Dataset:
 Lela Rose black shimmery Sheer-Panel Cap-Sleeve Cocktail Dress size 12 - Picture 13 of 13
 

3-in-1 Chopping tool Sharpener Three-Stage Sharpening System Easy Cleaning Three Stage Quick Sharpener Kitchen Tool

...

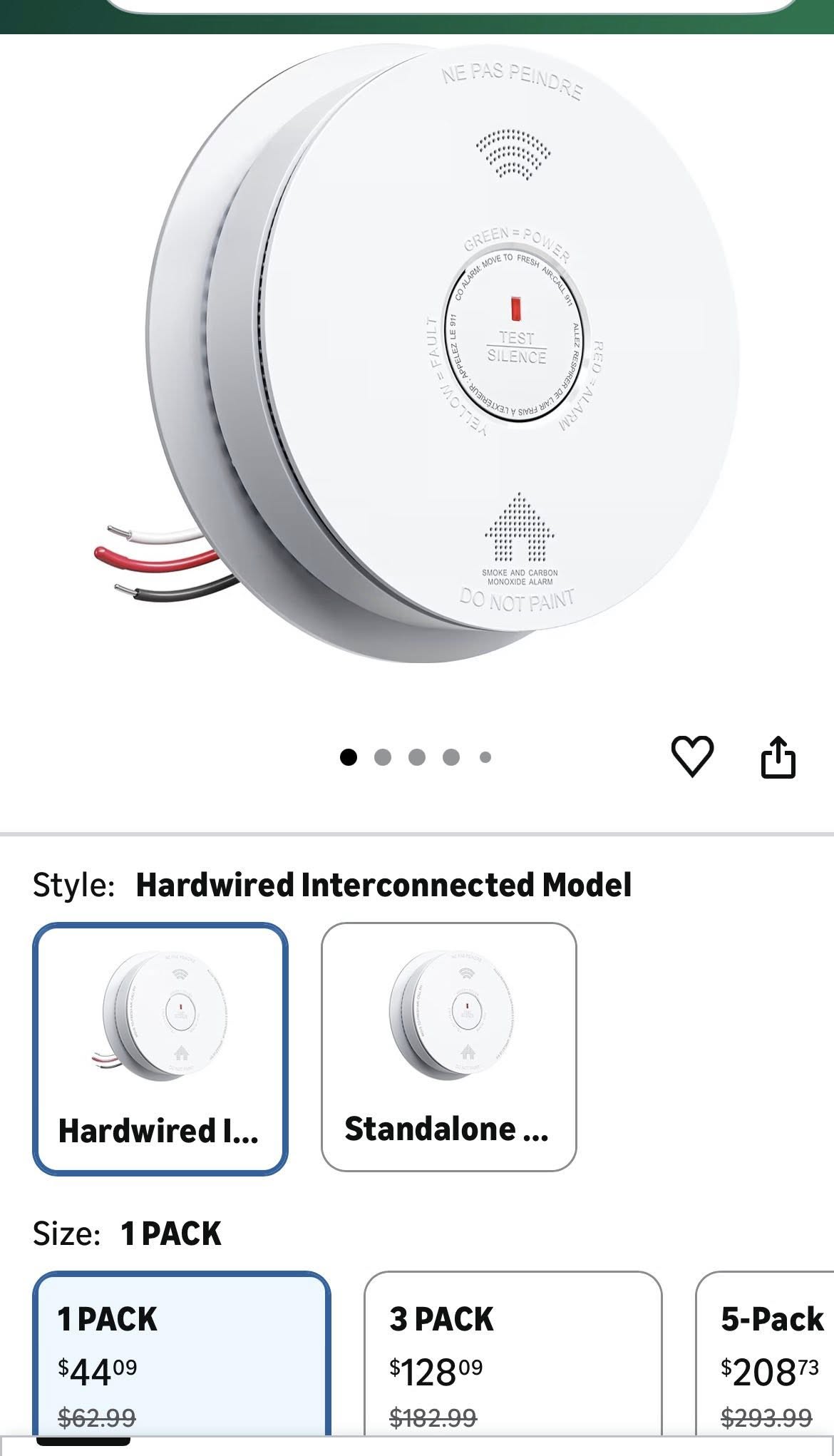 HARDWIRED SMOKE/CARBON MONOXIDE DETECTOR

---

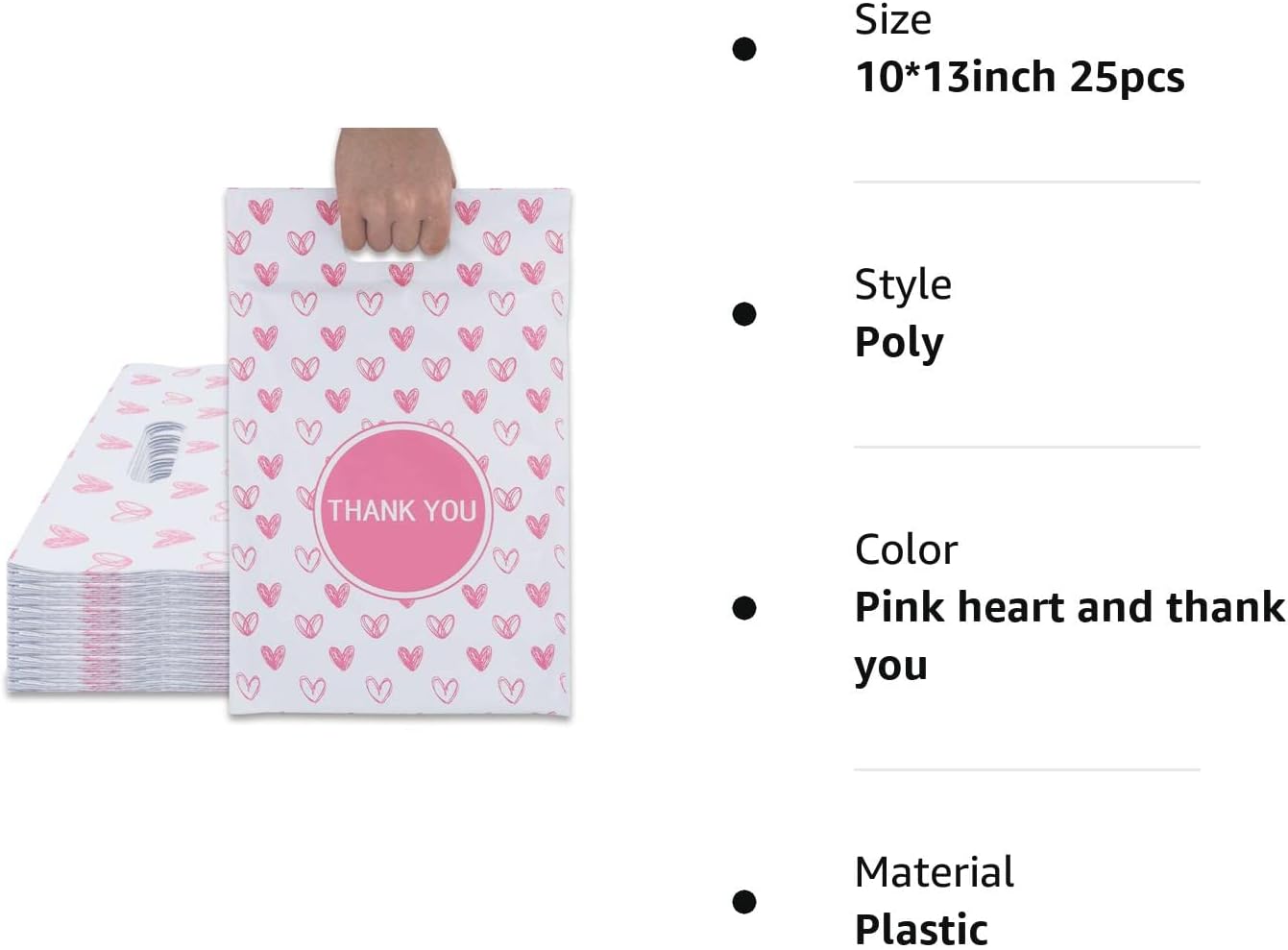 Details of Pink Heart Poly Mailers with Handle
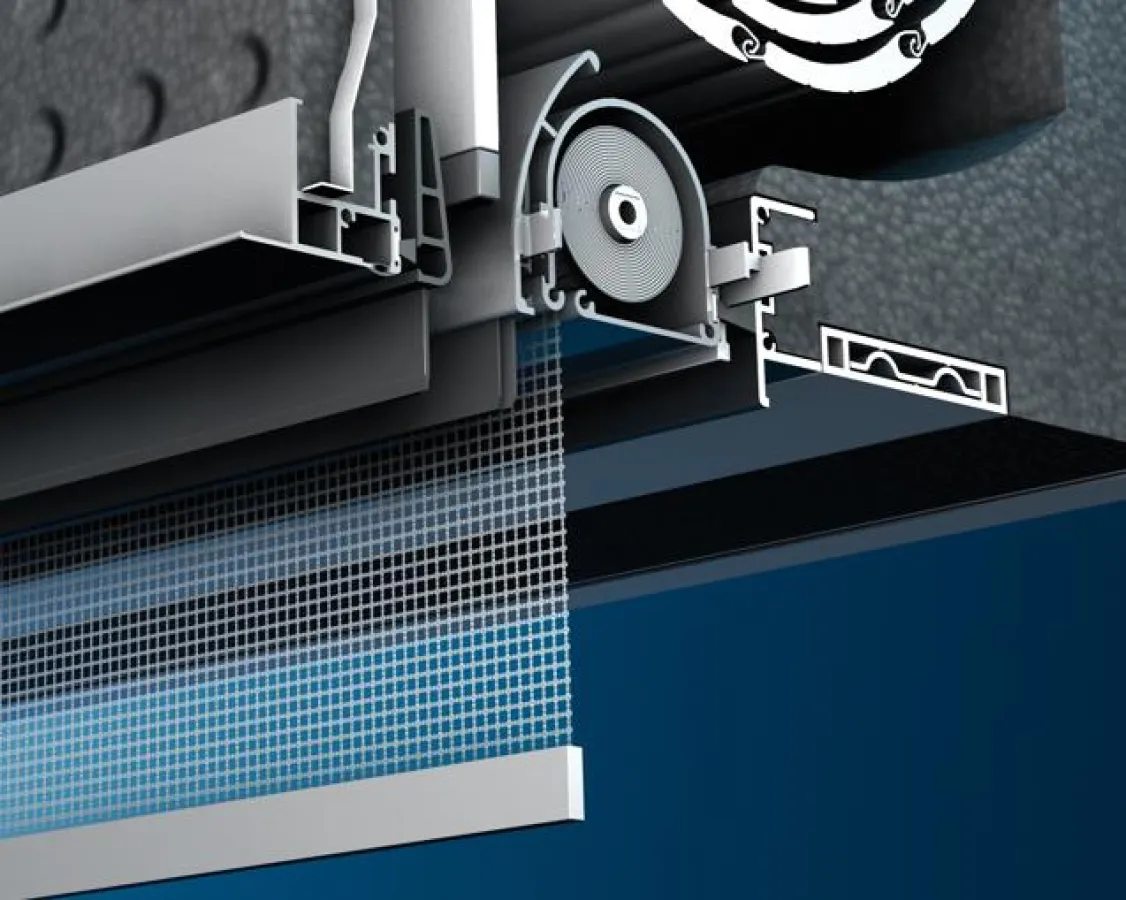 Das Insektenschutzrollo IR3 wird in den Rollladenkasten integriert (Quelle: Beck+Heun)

Your goal:
After locating the line holding "Lela Rose black" above, output exactly that line and every line after it through the line holding "3-in-1 Chopping tool". Include nothing else.

Written answer:
 Lela Rose black shimmery Sheer-Panel Cap-Sleeve Cocktail Dress size 12 - Picture 13 of 13
 

3-in-1 Chopping tool Sharpener Three-Stage Sharpening System Easy Cleaning Three Stage Quick Sharpener Kitchen Tool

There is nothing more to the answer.